[Image-text web data]
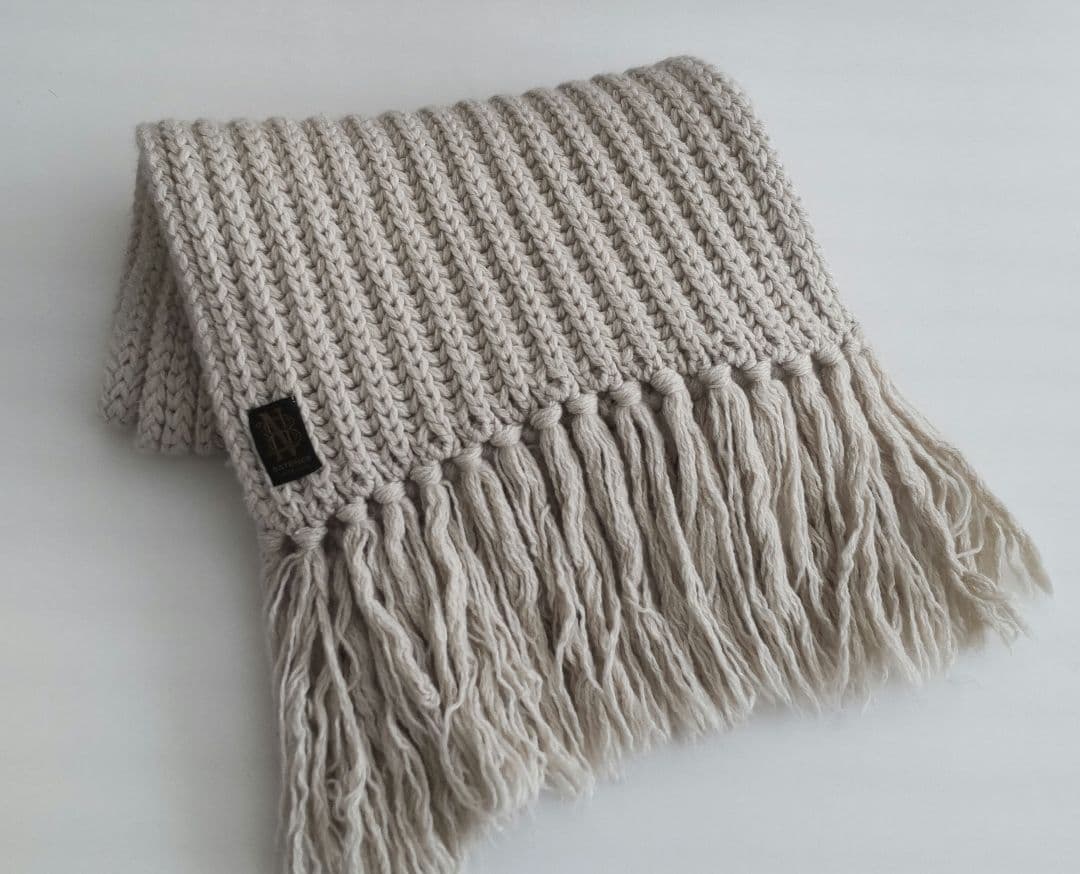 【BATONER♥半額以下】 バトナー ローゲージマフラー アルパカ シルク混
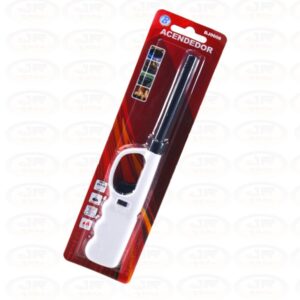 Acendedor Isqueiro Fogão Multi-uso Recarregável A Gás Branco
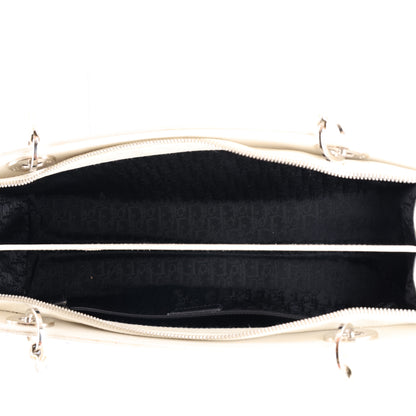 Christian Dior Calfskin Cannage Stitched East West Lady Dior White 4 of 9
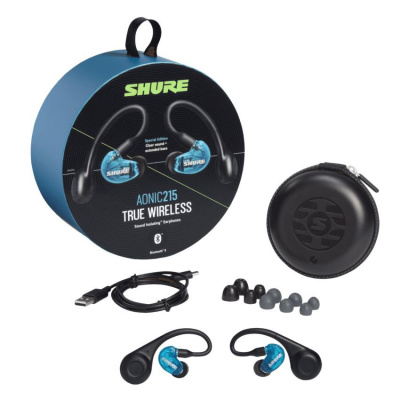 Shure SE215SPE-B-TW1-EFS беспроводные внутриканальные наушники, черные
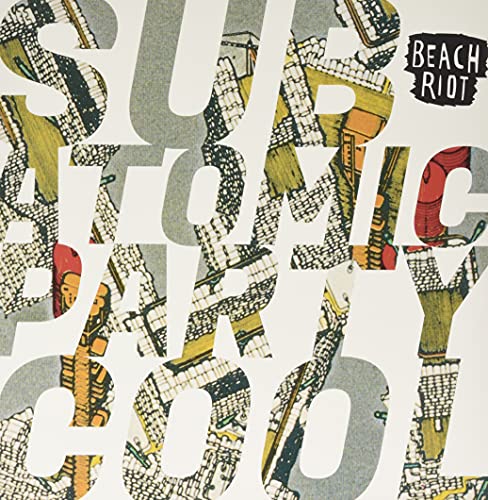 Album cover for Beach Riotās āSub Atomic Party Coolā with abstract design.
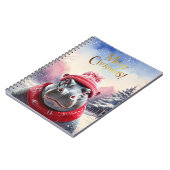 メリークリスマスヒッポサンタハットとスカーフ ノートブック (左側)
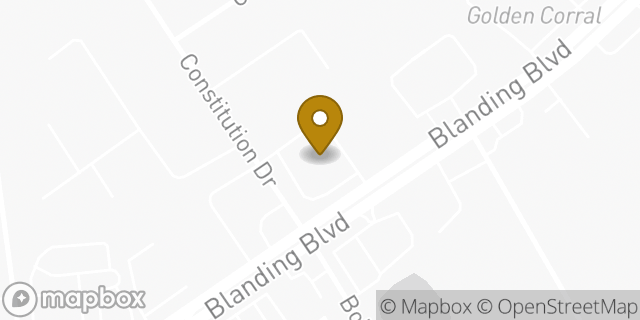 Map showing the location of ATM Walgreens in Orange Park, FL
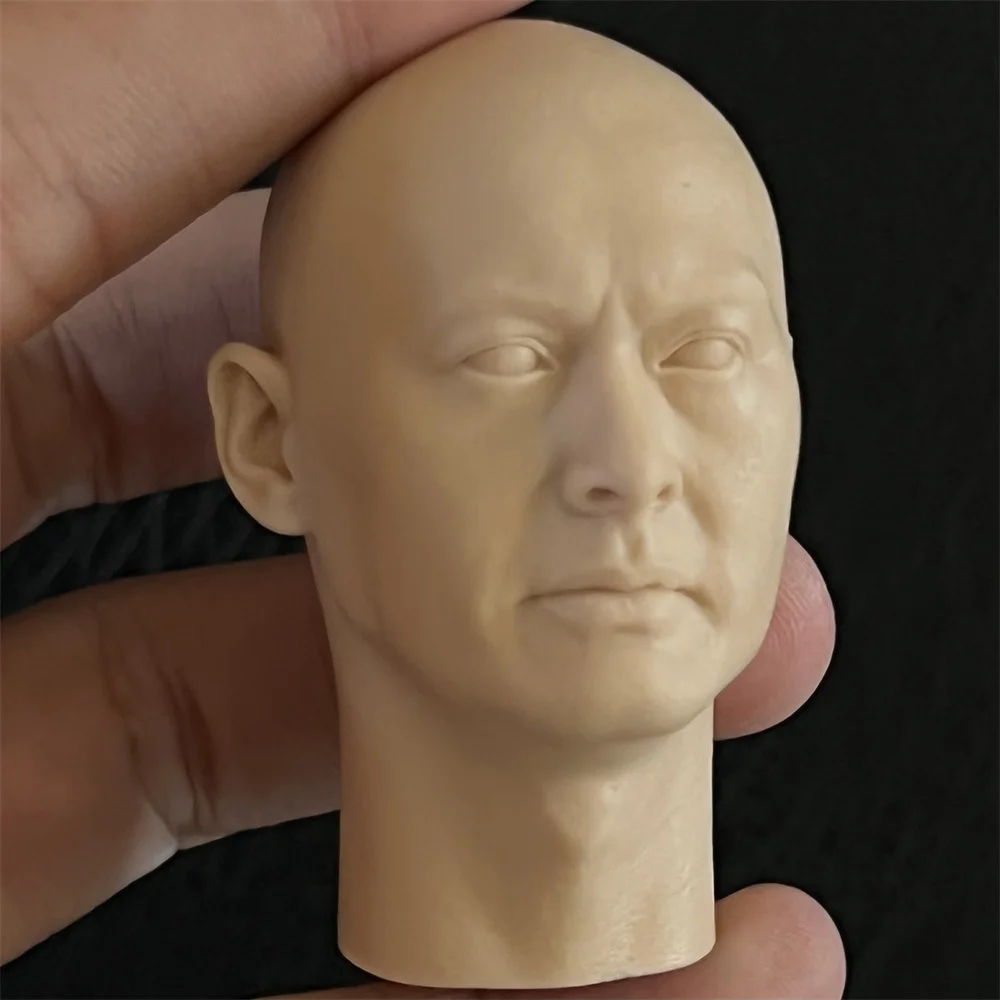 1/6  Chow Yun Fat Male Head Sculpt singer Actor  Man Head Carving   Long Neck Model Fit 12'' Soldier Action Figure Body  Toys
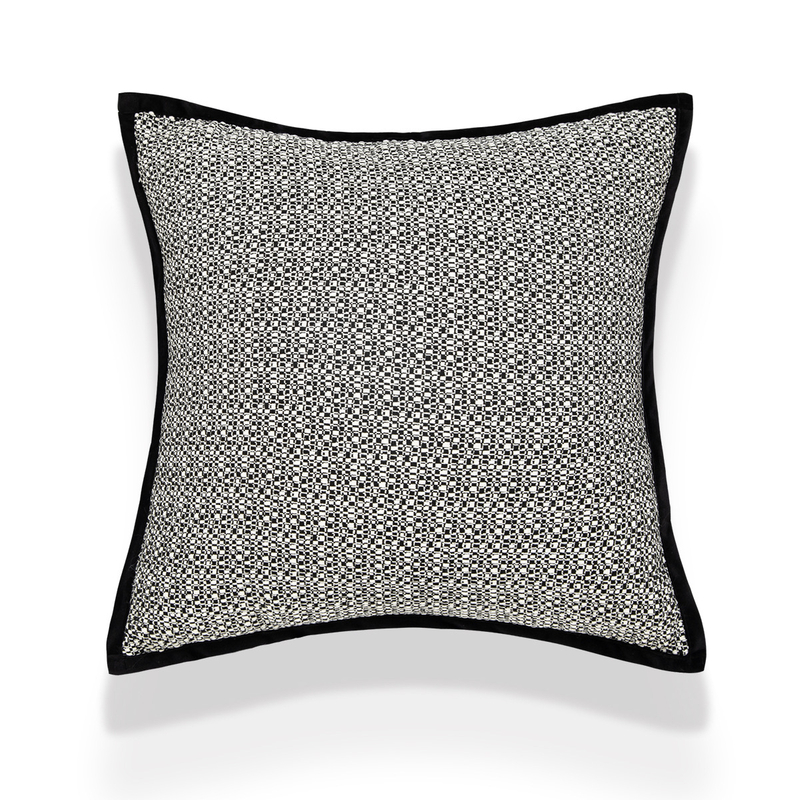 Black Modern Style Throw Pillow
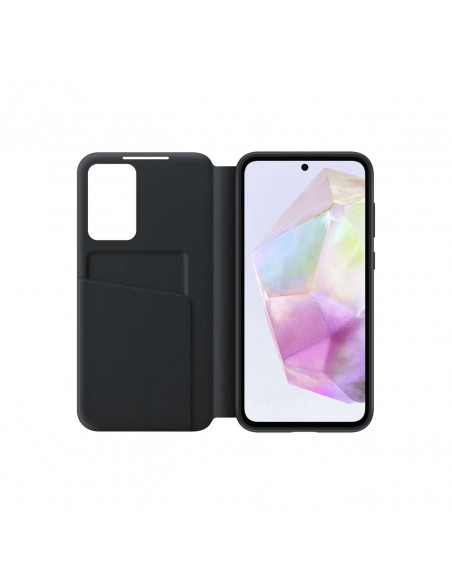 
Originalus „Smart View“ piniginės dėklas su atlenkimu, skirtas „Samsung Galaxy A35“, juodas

- TASK GOAL:
Beginning at the line that holds "Album cover for" and ending with the last line of the entries, please set down each line exactly, leaving every picture out.

- EXERCISE ANSWER:
 Album cover for Beach Riotās āSub Atomic Party Coolā with abstract design.
 メリークリスマスヒッポサンタハットとスカーフ ノートブック (左側)
 Map showing the location of ATM Walgreens in Orange Park, FL
 1/6  Chow Yun Fat Male Head Sculpt singer Actor  Man Head Carving   Long Neck Model Fit 12'' Soldier Action Figure Body  Toys
 Black Modern Style Throw Pillow
Originalus „Smart View“ piniginės dėklas su atlenkimu, skirtas „Samsung Galaxy A35“, juodas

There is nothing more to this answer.